# upol 1k lacquer



## craigeh123 (Dec 26, 2011)

says it has the performance of 2k and i ssuitable for full respray and spot repair . amyone used it and is it any good also iso free 2k any good ? 

bassically i may have some way of painting but im not happy to use 2k as i wouldnt have breathing gear . btw i work with someone that used to spray 2k using a supposed 2k safe non air fed - hes now iso intolerant and they think it attributed to a heart attack he had ! 

i cant use cellulose as i think the cars been 2k'd before and i want to do it myself just to see if i can bassically ! i have people who can guide me , alongside you guys here !


----------



## Andyb0127 (Jan 16, 2011)

The 1k your talking about mate, is basically the same as you would get in an aerosol can. My honest opinion mate if you repaint it in 1k it may not look to bad, but as it has hardly any uv protectors in it has no real protection, and will fade after time, which I'm sure you wouldn't be happy with. 

Not iso one I don't know that Kuhn about as have never used them.

Don't know how far you are from Brentwood matey, but if you want to do your car in 2k i have a spare air fed mask you could willingly borough so its safer for you to use. :thumb:


----------



## craigeh123 (Dec 26, 2011)

im in kent andy but your a legend ! do you have to have the coercer thingy ive seen to ? 

are you using 2k on your smart repairs bud ? also does the compressor for the airfed have to be away from the painting area ? sorry for all the questions ! its just 2k worries me and rightly so i believe !

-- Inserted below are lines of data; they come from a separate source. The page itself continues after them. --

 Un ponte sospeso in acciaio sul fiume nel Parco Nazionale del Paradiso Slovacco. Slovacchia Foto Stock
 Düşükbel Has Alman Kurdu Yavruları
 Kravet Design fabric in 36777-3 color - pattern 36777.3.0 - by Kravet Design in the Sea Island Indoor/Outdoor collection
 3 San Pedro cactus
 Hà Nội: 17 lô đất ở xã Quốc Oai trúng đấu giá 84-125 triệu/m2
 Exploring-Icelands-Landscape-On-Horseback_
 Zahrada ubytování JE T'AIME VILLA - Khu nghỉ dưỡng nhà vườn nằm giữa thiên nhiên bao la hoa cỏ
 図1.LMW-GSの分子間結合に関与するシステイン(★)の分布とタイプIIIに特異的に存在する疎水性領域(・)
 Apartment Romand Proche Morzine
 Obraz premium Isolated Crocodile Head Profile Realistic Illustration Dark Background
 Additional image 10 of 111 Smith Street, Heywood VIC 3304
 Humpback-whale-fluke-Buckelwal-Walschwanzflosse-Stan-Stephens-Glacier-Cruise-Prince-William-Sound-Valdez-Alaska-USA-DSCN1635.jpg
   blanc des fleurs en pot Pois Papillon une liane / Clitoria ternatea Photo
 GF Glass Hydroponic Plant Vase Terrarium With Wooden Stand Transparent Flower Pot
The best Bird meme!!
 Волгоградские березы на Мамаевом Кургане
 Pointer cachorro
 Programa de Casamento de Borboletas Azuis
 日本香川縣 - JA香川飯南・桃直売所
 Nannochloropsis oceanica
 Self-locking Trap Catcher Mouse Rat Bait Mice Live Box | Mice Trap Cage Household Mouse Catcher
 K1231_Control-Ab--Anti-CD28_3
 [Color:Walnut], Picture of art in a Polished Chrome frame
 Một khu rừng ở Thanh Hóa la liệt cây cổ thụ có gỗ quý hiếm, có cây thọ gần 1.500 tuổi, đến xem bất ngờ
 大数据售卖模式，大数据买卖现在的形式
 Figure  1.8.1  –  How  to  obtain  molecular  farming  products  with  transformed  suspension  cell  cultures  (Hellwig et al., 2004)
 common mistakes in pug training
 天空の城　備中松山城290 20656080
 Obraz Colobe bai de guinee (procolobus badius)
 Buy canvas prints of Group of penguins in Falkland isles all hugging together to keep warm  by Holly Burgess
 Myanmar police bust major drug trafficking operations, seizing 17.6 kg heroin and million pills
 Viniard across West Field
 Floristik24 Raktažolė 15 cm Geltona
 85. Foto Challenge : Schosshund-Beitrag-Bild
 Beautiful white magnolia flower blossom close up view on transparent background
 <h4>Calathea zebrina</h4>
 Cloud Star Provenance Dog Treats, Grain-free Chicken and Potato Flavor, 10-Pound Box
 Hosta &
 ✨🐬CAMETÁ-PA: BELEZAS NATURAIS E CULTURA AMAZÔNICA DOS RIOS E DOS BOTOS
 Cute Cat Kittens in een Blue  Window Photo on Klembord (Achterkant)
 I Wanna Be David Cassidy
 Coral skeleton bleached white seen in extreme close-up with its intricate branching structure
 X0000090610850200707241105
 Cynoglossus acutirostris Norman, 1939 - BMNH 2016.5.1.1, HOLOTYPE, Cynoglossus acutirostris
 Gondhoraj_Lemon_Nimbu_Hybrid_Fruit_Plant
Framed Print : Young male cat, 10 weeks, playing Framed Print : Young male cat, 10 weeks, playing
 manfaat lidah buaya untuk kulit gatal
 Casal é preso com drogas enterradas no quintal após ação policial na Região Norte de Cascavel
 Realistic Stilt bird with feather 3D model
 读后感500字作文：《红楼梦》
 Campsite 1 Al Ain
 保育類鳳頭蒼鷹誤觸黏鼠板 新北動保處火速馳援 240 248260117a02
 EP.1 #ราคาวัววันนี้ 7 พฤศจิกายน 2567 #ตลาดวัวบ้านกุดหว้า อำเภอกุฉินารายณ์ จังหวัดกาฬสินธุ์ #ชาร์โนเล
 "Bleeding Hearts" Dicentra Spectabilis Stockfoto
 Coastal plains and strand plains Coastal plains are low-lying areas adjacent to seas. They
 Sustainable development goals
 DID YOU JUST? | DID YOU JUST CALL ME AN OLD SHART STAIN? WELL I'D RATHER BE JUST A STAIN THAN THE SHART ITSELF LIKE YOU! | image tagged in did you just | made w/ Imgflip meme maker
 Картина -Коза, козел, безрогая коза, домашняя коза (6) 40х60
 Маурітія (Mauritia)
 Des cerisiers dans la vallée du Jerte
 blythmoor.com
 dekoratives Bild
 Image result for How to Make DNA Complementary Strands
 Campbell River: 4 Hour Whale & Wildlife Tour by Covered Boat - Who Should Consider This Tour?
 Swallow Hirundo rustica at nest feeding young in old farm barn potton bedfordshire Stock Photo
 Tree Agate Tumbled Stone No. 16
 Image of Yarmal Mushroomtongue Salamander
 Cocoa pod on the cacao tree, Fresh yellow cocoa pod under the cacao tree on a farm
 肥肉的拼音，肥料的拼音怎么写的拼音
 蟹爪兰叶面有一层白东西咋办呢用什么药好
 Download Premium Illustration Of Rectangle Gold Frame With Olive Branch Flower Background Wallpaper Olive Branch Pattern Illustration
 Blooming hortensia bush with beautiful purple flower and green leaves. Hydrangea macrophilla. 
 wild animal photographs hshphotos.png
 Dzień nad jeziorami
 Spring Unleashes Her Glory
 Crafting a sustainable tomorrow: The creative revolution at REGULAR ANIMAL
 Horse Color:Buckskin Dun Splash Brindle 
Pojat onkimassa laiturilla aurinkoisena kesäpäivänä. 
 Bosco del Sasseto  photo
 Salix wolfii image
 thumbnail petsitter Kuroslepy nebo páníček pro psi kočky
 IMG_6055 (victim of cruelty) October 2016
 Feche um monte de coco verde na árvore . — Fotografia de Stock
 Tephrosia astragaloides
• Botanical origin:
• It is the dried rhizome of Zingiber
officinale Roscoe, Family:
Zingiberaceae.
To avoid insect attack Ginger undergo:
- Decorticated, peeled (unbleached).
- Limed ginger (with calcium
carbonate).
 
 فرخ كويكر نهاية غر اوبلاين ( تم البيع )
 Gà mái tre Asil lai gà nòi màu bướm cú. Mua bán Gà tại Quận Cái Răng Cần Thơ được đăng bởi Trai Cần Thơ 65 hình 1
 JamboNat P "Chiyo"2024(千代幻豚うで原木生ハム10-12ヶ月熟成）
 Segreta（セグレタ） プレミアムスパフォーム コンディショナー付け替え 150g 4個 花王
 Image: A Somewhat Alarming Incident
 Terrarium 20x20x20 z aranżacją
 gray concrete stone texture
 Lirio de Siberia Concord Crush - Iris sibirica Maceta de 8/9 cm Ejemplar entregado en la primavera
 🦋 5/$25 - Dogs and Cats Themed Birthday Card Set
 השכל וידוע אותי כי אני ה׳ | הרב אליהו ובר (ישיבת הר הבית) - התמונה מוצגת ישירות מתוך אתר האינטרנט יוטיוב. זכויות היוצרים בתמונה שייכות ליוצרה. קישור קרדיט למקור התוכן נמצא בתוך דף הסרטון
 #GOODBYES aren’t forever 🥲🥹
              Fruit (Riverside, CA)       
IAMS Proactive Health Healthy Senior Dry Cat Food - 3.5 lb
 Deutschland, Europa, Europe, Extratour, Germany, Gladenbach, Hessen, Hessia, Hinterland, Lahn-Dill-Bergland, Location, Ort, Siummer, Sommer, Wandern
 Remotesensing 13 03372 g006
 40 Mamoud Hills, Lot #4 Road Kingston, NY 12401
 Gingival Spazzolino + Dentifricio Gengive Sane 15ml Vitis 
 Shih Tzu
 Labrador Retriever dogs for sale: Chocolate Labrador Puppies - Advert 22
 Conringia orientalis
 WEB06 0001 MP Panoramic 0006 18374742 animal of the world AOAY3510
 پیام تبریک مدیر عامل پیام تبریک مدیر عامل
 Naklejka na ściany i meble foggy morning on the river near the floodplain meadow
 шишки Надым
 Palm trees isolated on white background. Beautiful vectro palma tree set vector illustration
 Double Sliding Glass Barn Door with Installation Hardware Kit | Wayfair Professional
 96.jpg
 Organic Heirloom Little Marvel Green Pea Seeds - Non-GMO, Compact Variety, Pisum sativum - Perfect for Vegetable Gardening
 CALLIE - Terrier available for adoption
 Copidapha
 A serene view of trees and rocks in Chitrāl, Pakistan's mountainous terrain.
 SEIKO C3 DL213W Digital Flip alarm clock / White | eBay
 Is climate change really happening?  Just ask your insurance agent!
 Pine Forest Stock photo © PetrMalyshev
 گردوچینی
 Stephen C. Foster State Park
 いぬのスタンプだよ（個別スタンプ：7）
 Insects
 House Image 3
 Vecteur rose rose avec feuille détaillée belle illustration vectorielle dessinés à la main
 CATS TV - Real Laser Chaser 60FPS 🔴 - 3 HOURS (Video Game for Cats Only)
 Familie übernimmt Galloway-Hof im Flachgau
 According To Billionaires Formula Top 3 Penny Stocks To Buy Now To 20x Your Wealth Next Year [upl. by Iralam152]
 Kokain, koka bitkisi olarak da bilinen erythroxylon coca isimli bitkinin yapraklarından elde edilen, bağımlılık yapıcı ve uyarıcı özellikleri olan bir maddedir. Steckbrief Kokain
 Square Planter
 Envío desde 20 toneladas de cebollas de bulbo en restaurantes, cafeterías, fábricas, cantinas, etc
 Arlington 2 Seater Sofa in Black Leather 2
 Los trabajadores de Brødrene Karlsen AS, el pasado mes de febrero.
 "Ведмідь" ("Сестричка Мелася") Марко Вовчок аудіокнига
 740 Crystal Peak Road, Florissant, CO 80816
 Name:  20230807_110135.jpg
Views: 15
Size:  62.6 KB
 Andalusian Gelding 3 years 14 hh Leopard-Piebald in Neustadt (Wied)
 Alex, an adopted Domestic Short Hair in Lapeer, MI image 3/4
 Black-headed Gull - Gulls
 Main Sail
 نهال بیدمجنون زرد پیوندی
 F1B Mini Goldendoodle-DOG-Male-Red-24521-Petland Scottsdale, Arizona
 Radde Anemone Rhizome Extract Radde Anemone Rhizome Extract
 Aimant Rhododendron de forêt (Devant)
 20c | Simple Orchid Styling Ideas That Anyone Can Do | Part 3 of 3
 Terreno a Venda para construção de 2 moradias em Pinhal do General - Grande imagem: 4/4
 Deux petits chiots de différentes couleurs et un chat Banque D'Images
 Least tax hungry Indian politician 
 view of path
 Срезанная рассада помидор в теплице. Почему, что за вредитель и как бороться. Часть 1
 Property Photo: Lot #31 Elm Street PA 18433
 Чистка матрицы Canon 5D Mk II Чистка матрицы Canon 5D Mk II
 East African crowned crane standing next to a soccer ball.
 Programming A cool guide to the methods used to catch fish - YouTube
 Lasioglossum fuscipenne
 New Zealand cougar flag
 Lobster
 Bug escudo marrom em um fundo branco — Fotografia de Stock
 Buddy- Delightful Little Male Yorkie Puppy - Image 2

i gathered 1k is cack and i cant really find much on the non iso 2k at the sec but if its been developed properly i cant see it would be bad 

and my experience of 1k lacque rin aerosol is i cant paint it on lovely looks superb then it dries flat as **** lol


----------



## Andyb0127 (Jan 16, 2011)

Not a problem mate.
Yeah 1k isn't all that really depends how fussy you want to be.
You'll need an inline regulater, which will filter the air making it cleaner, before it gets to the air fed mask. Yes mate were using 2k on our smart repairs, your right to cautious about using 2k as it can be harmful to you health if not used properly, which is why you would need an airfed mask to be safe. Compressor should be as far away as it can be from what your painting. 
I've heard abit about the non iso ones, but from what I can gather it has the durability as 1k really which sounds like it wouldn't hold up well. 
Well the offers there Craig if you want the mask which is a devilbiss full face air fed. Sure we could arrange something about collecting it. :thumb:


----------



## craigeh123 (Dec 26, 2011)

When i eventually get round to doing it ill give you a shout &#55357;&#56842; after a bit more research the non iso is recommended for smart repairs but some people use it for bigger projects . 2k is nasty stuff isn't it didntvrealise just how nasty !


----------



## squiggs (Oct 19, 2009)

To get a good finish with non iso you will need to bake it or at least have the correct heat lamps to lamp it off at the correct temp
Iso stuff has (to a certain extent) the ability so self cure without heat.
Non Iso needs heat or it will go flat and can bloom.
IMHO non iso is a more difficult product to get a good finish with than iso - but if used and treated correctly can give just as good finishes.


----------



## craigeh123 (Dec 26, 2011)

thanks again guys


----------